It is a matter of shifting power to the leader as a way of displaying one’s own power onto someone else. The loyalist finds their own power to be scary. With power comes responsibility. Responsibility, in turn, requires free-will and a hint of freedom. As we have already seen, the freedom is not always desired. Thus, the loyalist denies that this power is ultimately their own. Members of an authoritarian group will transfer their personal power onto the leader and hold this person responsible for the enactment of roles and behaviors that they are themselves unwilling to perform for fear of failure, embarrassment, or even success.
The key ingredient in this authoritarian dynamic is the psychological process called projection. This is the process of displacement of power onto another person (or institution) that I just described. Fromm speaks of the power of projection in the establishment of authority in groups. He notes (Fromm, 1941, p. 174) that authority is often vested in the “magic helper,” a person who is conceived by the group “as God, as a principle, or as real persons such as one’s parents, husband, wife, or superior.” Jung’s archetypes come into play here. The group members, in essence, “fall in love” with the group leader and invest this person with miraculous and numinous powers.
The psychodynamic theorist, Wilfred Bion (1961), would identify these powers as being of one or more of three types. First there is the power of wisdom. There is a shared assumption of dependency on the part of group members. Only the leader has sufficient experience and proven success to direct our future actions. A second Bionian source of power is courage. This source is based on an assumption that there is an enemy against which we must defend ourselves. Only the leader has sufficient commitment and strength to successful defeat this threatening outside force. The third source of power from a leader, according to Bion, is vision. The dominant assumption is that only the leader has a compelling narrative to share regarding where we can find an ideal state—a new Jerusalem from which flows all healing and beneficent waters.
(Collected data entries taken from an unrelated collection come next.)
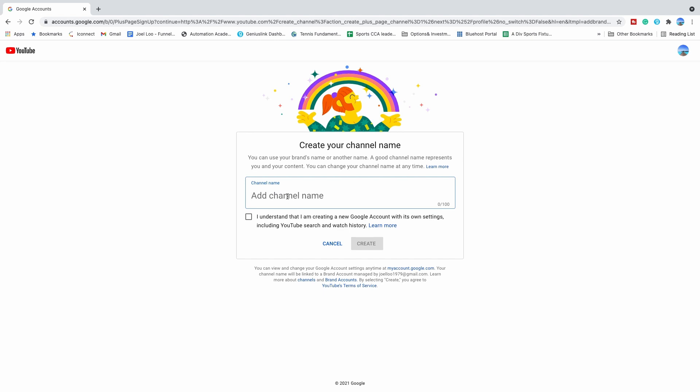Alright, so I will be typing my second channel, click on this checkbox and then create.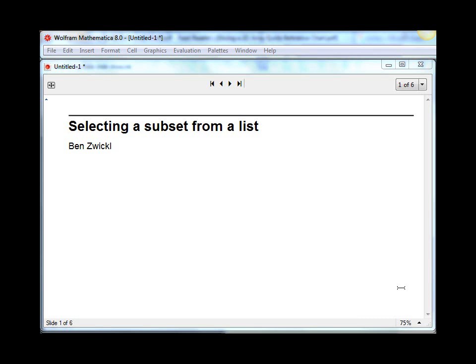Hi, I'm Ben Zwickle, and this is a Mathematica screencast on selecting a subset from a list.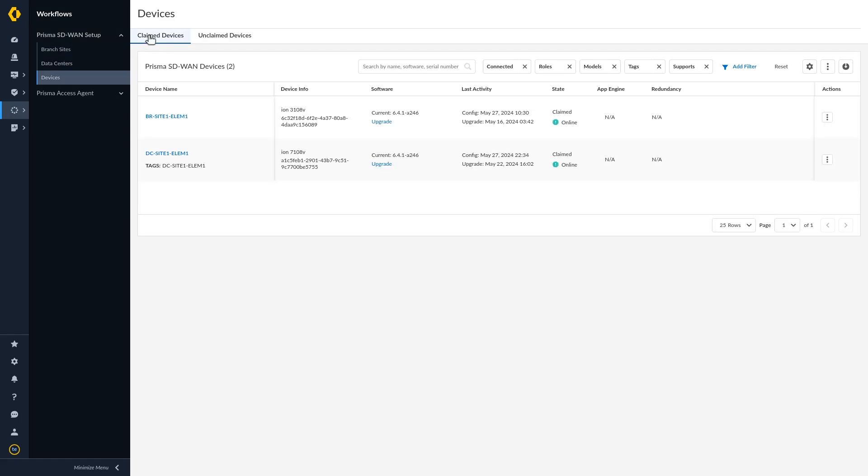Click Ellipses under Action. Select Assign to a Site to assign the device to a site.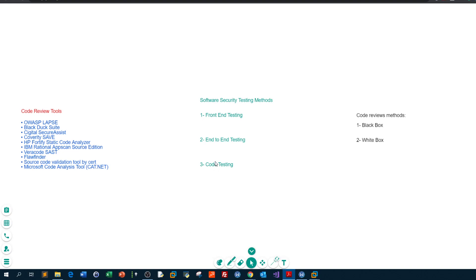The other kind of testing is to go through the lines of code manually. You cannot achieve this alone — you need a second security professional who stands by your side to review the code manually. So we can review code using tools, and we can review code manually. Reviewing code using tools is called the black box method, while reviewing code manually with your peer security professional is the white box method.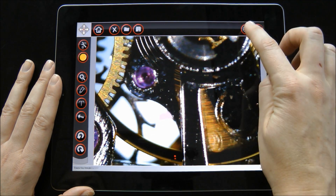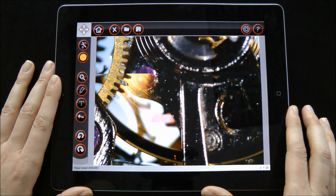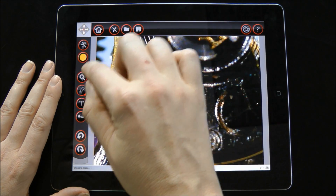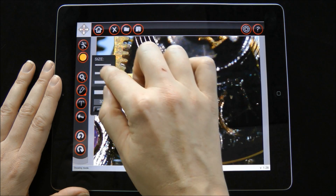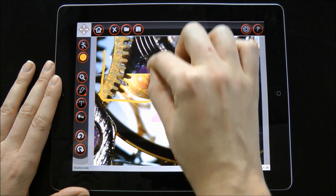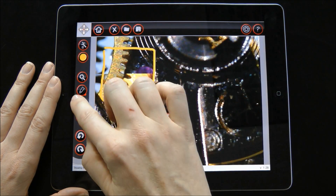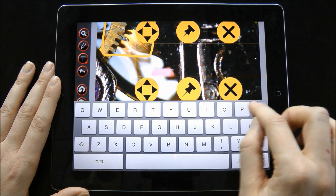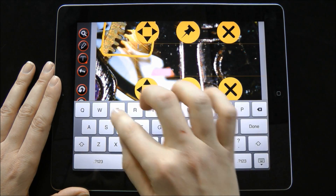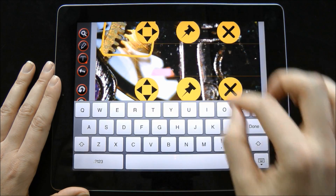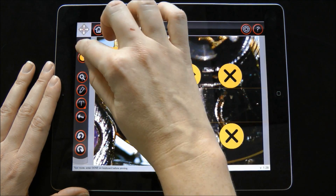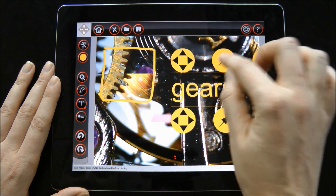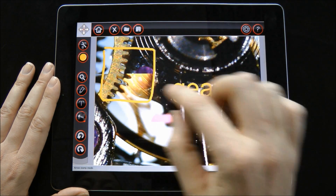To capture an image, press the Lens tool. Annotation tools include drawing, text, and arrow tools.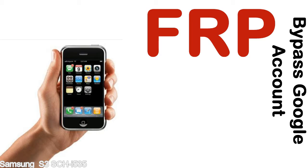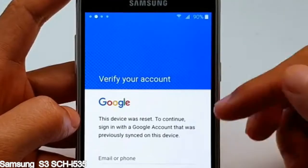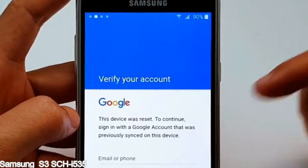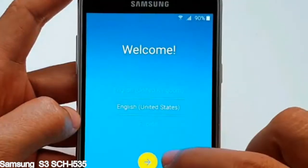Here is a step-by-step guide on how to bypass the Google account on your Samsung Galaxy device.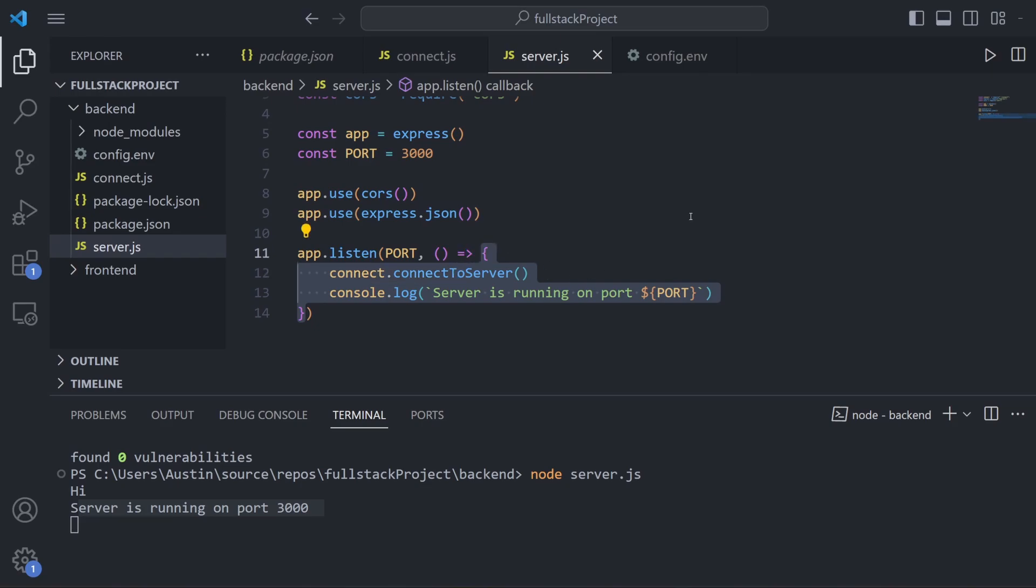Now that we have our server launched and connected to MongoDB, we're going to end this somewhat shorter episode here. In the next episode we're going to work on configuring Express to make our backend routes, which is where we can write the code to actually create, read, update, and delete stuff from MongoDB. Take care everyone and I'll see you in the next one.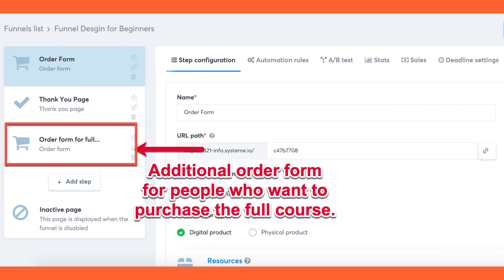After a customer makes a purchase, you may ask how to grant them access to the rest of the modules. You can easily address this by editing the module settings. You can specify a funnel or order form where customers can sign up for additional modules.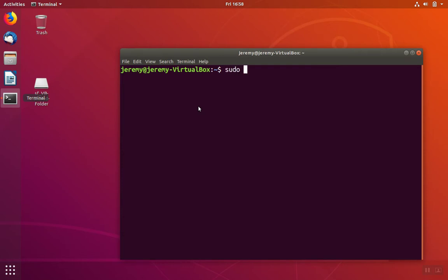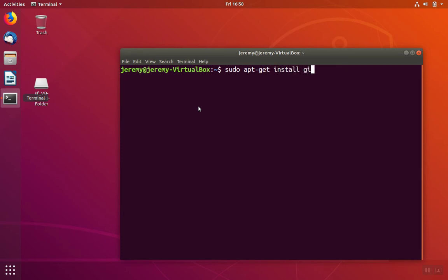To start with, we're going to use sudo privileges because we need to be root to install software. We're going to use apt to do the installation. So do sudo apt-get install and we're going to install git.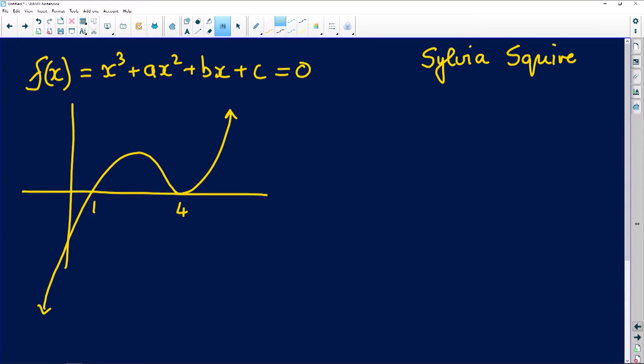Our first question is on the screen, sent to us by Sylvia Squire. There's a little trick here — they give us the functions diagram with the cubic, but they give us the equation in that form over there. They're asking us: what is the value of a, b, and c? If you notice in the equation, they left out those values.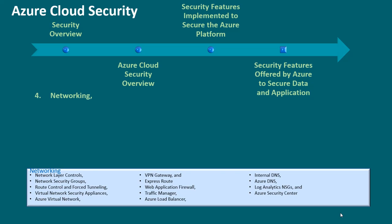Web application firewall, Traffic Manager, Azure Load Balancer, Internal DNS, Azure DNS, Log Analytics NSGs, and Azure Security Center, etc.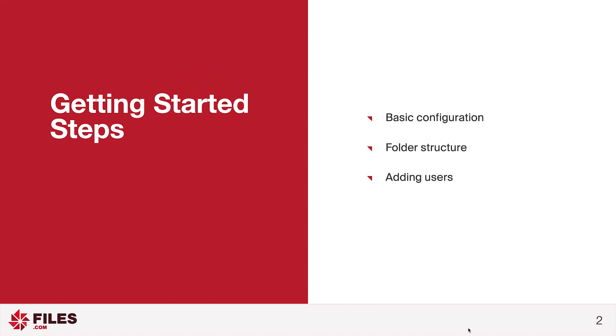Typically, the first thing you'll want to do is add user accounts to your Files.com site, so that your trading partners, customers, vendors, suppliers, and other types of users can start transferring files to you.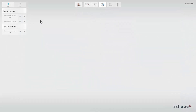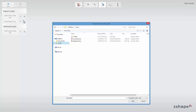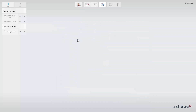To import surface scans, click Import Lower or Upper Surface Scan, and find the correct STL or 3-shape DCM file in the folder where the scans have been saved.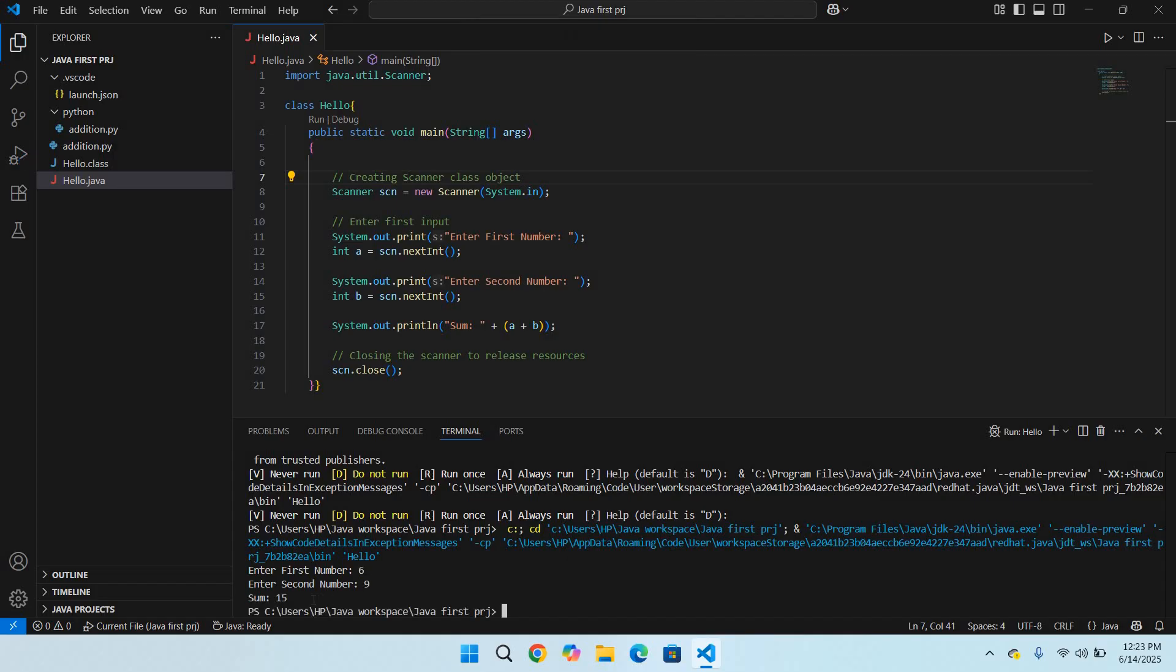In this way you can install Code Runner in Visual Studio Code and fix the terminal issue. I think that's all for today. I hope you like the video. If you like the video, please like, subscribe, and comment. Thank you.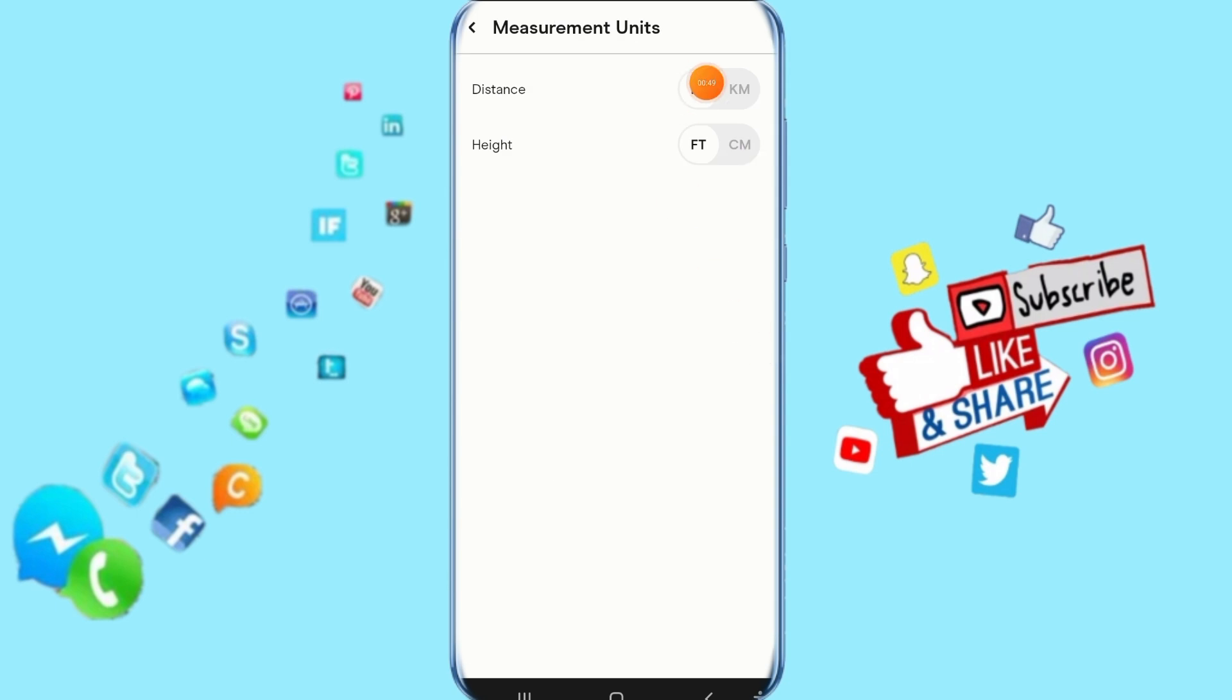And here you can select distance and height, you can select it for this.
We project our own wisdom, courage and vision onto the leader because these personal sources of power (and responsibility) are much too frightening. They are ingredients of a psychic storm. Furthermore, with the assignment of power to the leader, we avoid the process that Bion (1995) (and his fellow object-relations based psychoanalysts) call the process of metabolism. This somewhat obscure term is used to label the psychological dynamics associated with making more manageable the anxiety associated with what I am calling the psychic storm.